Regarding the toxicity of the therapies trialed, slight hepatomegaly accompanied by mild to moderate microscopic signs of periportal inflammation were reported in a percentage (16.6%) of animals belonging to the groups treated with both studied phytotherapies (LIMOX and LIMOXBNZ). These morphological features were correlated with elevated levels of AST transaminase (p < 0.05) in these same rats. On the other hand, kidney function assessed by biochemical, morphological, and histopathological analysis did not exhibit any significant alterations among control and experimental groups. Nevertheless, a statistically significant elevation of BUN levels was found in infected rats treated with LIMOX when compared to the reference treatment (BNZ) (p ≤ 0.005). In addition, 16% of the animals treated with BNZ presented a macroscopic alteration in the color of the kidney (pale brown).

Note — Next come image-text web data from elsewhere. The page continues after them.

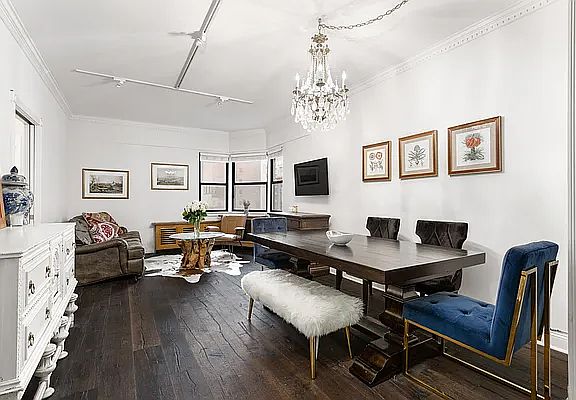 4th image of 145 E 15th St APT 12N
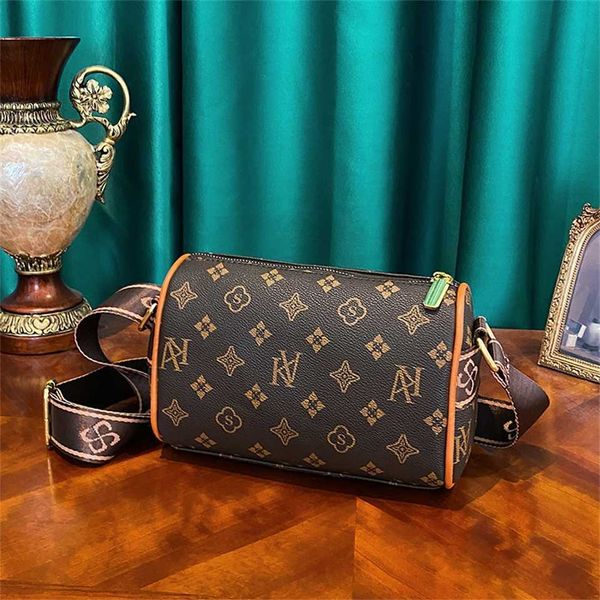 new old flower one shoulder diagonal straddle with advanced sense large capacity small body versatile underarm women's leisure bag 70%
new old flower one shoulder diagonal straddle with advanced sense large capacity small body versatile underarm women's leisure bag 70%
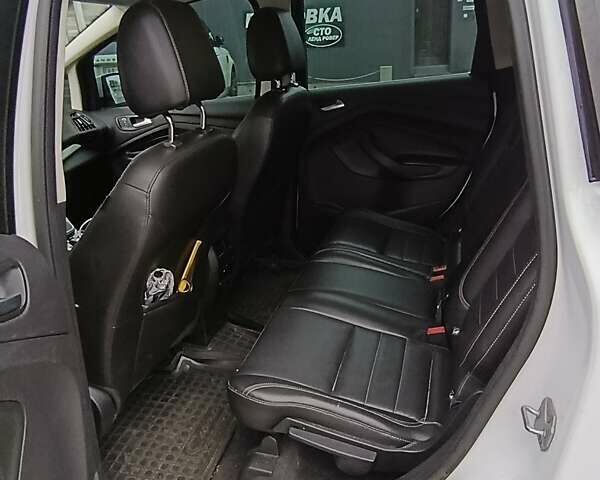 Белый Форд Си-Макс, объемом двигателя 2 л и пробегом 215 тыс. км за 9990 $, фото 9 на Automoto.ua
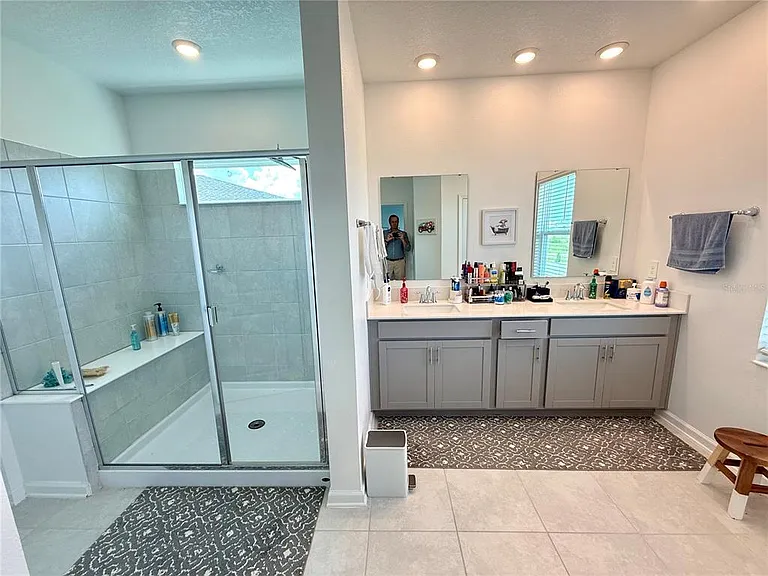 2970 Armstrong Ave — Photo 39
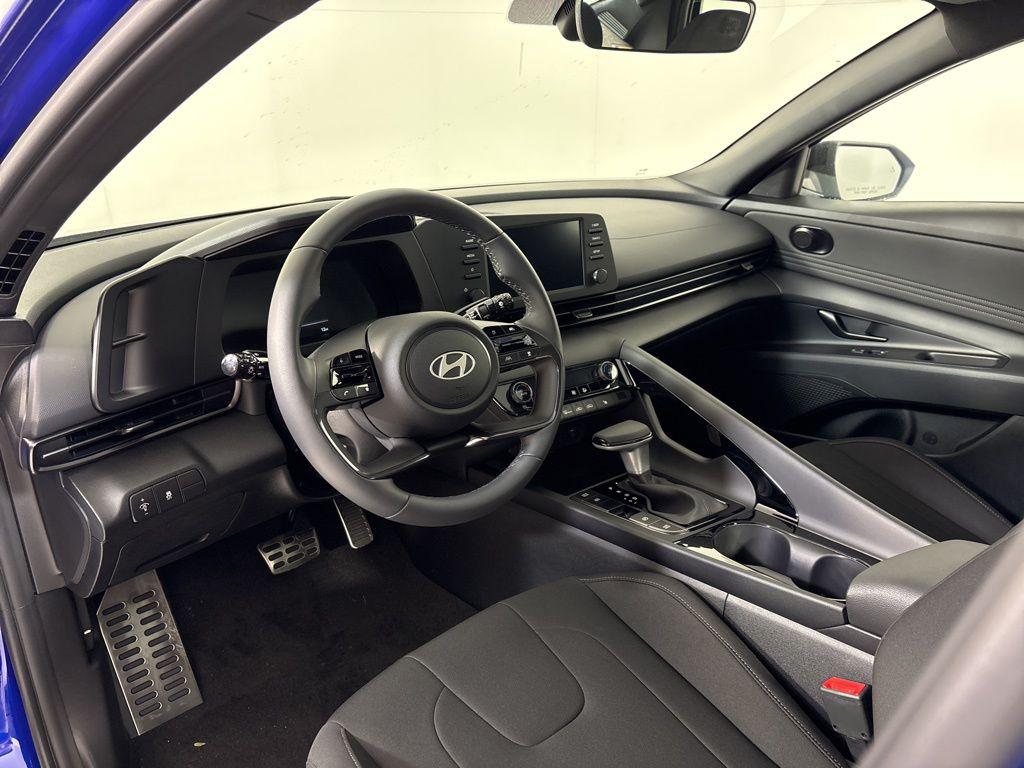 Thumbnail: 2026 Hyundai Elantra - 15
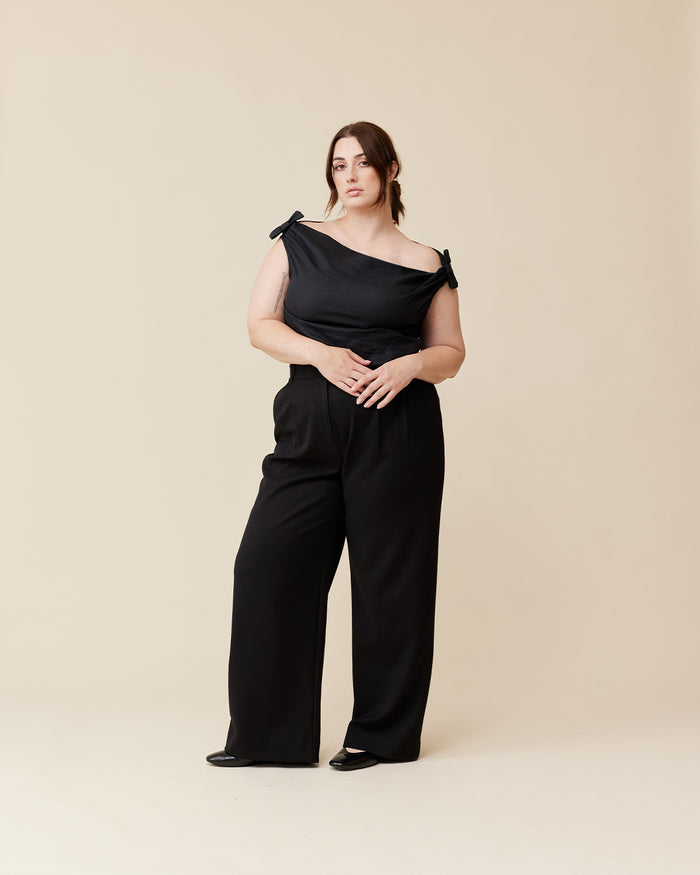 ALINA LINEN BOW TOP BLACK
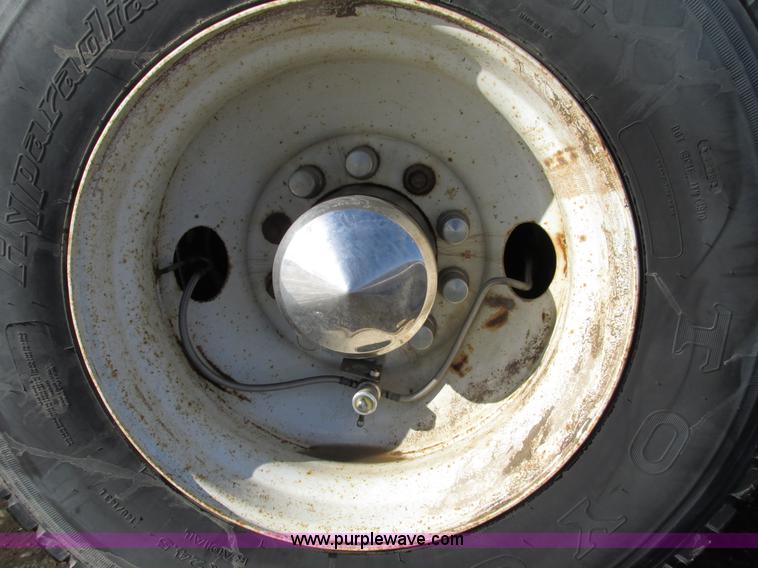 image for item A8501 2006 Freightliner Columbia semi truck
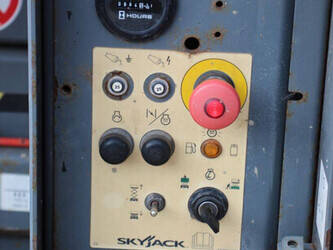 2016-skyjack-sj6826rt-1396894-44432512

With reference to an effect on spleen architecture, differential responses were observed among therapies. Specifically, splenomegaly was present in the positive control animals and in those treated with both LIMOX and LIMOXBNZ, while BNZ caused a reduction in the size of this organ. This hyposplenism could be correlated with the deleterious effect on adequate balancing of the defense response, as observed herein, in animals treated with the reference therapy [
30].
In hemogram analysis, a significant thrombocytosis (
p < 0.005) was reported for both the LIMOX and LIMOXBNZ therapies. Interestingly, platelet counts in peripheral blood have been inversely associated with disease severity in patients with CCC [
31]. In this regard, platelets play an important role in immune response, including protective functions via the release of chemokines that attract and activate leukocytes and, at the same time, platelet surface molecules such as P-selectin and GPIIB/IIIa (Glycoprotein IIb/IIIa) [
31]. Likewise, atypical lymphocytes were observed in the peripheral blood smear analysis of all infected animals (experimental groups and positive control) with the highest percentage of these reactive cells in BNZ-treated rats (10.8% for BNZ vs. 3.8% for positive control and 2% for LIMOXBNZ and LIMOX). These cells are produced after a strong process of antigenic stimulation and stress, being classified as a nonspecific response to stimulus or as precursors of memory T and B cells [
31]. However, a low percentage of these cells can normally be found in peripheral blood (2–6%) [
32], thus the abnormally elevated percentages observed in BNZ therapy could be a reflex to its toxicity.